* _WORKING DATA_
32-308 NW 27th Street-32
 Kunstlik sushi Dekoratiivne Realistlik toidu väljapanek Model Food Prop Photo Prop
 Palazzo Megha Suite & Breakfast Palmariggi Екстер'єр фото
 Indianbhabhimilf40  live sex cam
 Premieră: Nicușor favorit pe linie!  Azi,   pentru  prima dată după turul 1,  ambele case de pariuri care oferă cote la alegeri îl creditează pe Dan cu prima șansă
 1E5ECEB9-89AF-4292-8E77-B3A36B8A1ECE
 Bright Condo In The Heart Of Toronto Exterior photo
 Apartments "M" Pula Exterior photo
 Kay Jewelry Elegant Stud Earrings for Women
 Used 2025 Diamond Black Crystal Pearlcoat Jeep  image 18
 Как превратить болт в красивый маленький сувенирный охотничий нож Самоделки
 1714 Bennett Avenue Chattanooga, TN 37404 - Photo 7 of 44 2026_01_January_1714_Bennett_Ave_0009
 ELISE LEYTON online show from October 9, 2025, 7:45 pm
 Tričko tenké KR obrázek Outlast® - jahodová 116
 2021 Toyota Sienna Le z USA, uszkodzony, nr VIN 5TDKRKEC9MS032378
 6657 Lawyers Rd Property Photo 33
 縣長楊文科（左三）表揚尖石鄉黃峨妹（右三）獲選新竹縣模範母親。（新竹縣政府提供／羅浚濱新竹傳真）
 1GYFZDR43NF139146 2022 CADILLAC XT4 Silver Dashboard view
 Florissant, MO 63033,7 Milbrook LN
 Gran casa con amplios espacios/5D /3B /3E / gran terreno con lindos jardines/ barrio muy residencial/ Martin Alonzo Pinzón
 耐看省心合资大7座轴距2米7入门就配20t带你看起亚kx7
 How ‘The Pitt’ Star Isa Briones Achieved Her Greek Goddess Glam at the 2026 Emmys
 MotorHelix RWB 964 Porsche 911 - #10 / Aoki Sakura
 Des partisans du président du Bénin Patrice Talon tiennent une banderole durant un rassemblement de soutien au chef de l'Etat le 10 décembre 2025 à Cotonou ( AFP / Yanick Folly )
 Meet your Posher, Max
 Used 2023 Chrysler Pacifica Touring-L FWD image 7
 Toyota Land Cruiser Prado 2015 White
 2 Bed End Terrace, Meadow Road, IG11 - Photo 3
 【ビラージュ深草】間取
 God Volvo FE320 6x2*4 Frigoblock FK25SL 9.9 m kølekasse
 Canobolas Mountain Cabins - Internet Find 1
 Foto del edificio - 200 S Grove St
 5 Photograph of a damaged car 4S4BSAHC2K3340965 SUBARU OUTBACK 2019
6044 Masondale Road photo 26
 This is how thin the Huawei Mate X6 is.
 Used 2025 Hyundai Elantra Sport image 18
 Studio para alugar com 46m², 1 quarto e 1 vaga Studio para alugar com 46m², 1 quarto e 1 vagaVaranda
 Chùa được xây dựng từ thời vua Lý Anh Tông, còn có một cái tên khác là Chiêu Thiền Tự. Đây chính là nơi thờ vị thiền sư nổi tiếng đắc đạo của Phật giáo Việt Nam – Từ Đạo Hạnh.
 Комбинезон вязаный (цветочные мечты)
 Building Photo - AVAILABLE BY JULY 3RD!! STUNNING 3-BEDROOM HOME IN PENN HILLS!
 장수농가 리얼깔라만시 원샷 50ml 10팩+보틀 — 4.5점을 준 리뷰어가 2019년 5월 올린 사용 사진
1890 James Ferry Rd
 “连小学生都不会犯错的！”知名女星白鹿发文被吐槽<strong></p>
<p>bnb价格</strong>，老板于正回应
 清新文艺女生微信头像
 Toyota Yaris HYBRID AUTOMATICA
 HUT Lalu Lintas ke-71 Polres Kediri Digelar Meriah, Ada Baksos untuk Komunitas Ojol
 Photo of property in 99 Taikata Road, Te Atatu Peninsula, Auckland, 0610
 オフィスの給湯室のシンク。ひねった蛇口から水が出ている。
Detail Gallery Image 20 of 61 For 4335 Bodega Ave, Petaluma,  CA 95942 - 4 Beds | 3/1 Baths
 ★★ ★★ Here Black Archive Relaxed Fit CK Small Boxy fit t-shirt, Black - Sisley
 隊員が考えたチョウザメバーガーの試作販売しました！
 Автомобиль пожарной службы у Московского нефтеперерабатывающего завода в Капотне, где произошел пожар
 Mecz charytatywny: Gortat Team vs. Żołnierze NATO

* _TASK_
From the material above, copy exactly the lines between the line holding "Florissant, MO 63033,7 Milbrook LN" and the line holding "HUT Lalu Lintas", inclusive, and only those.

* _RESPONSE TO THE TASK_
 Florissant, MO 63033,7 Milbrook LN
 Gran casa con amplios espacios/5D /3B /3E / gran terreno con lindos jardines/ barrio muy residencial/ Martin Alonzo Pinzón
 耐看省心合资大7座轴距2米7入门就配20t带你看起亚kx7
 How ‘The Pitt’ Star Isa Briones Achieved Her Greek Goddess Glam at the 2026 Emmys
 MotorHelix RWB 964 Porsche 911 - #10 / Aoki Sakura
 Des partisans du président du Bénin Patrice Talon tiennent une banderole durant un rassemblement de soutien au chef de l'Etat le 10 décembre 2025 à Cotonou ( AFP / Yanick Folly )
 Meet your Posher, Max
 Used 2023 Chrysler Pacifica Touring-L FWD image 7
 Toyota Land Cruiser Prado 2015 White
 2 Bed End Terrace, Meadow Road, IG11 - Photo 3
 【ビラージュ深草】間取
 God Volvo FE320 6x2*4 Frigoblock FK25SL 9.9 m kølekasse
 Canobolas Mountain Cabins - Internet Find 1
 Foto del edificio - 200 S Grove St
 5 Photograph of a damaged car 4S4BSAHC2K3340965 SUBARU OUTBACK 2019
6044 Masondale Road photo 26
 This is how thin the Huawei Mate X6 is.
 Used 2025 Hyundai Elantra Sport image 18
 Studio para alugar com 46m², 1 quarto e 1 vaga Studio para alugar com 46m², 1 quarto e 1 vagaVaranda
 Chùa được xây dựng từ thời vua Lý Anh Tông, còn có một cái tên khác là Chiêu Thiền Tự. Đây chính là nơi thờ vị thiền sư nổi tiếng đắc đạo của Phật giáo Việt Nam – Từ Đạo Hạnh.
 Комбинезон вязаный (цветочные мечты)
 Building Photo - AVAILABLE BY JULY 3RD!! STUNNING 3-BEDROOM HOME IN PENN HILLS!
 장수농가 리얼깔라만시 원샷 50ml 10팩+보틀 — 4.5점을 준 리뷰어가 2019년 5월 올린 사용 사진
1890 James Ferry Rd
 “连小学生都不会犯错的！”知名女星白鹿发文被吐槽<strong></p>
<p>bnb价格</strong>，老板于正回应
 清新文艺女生微信头像
 Toyota Yaris HYBRID AUTOMATICA
 HUT Lalu Lintas ke-71 Polres Kediri Digelar Meriah, Ada Baksos untuk Komunitas Ojol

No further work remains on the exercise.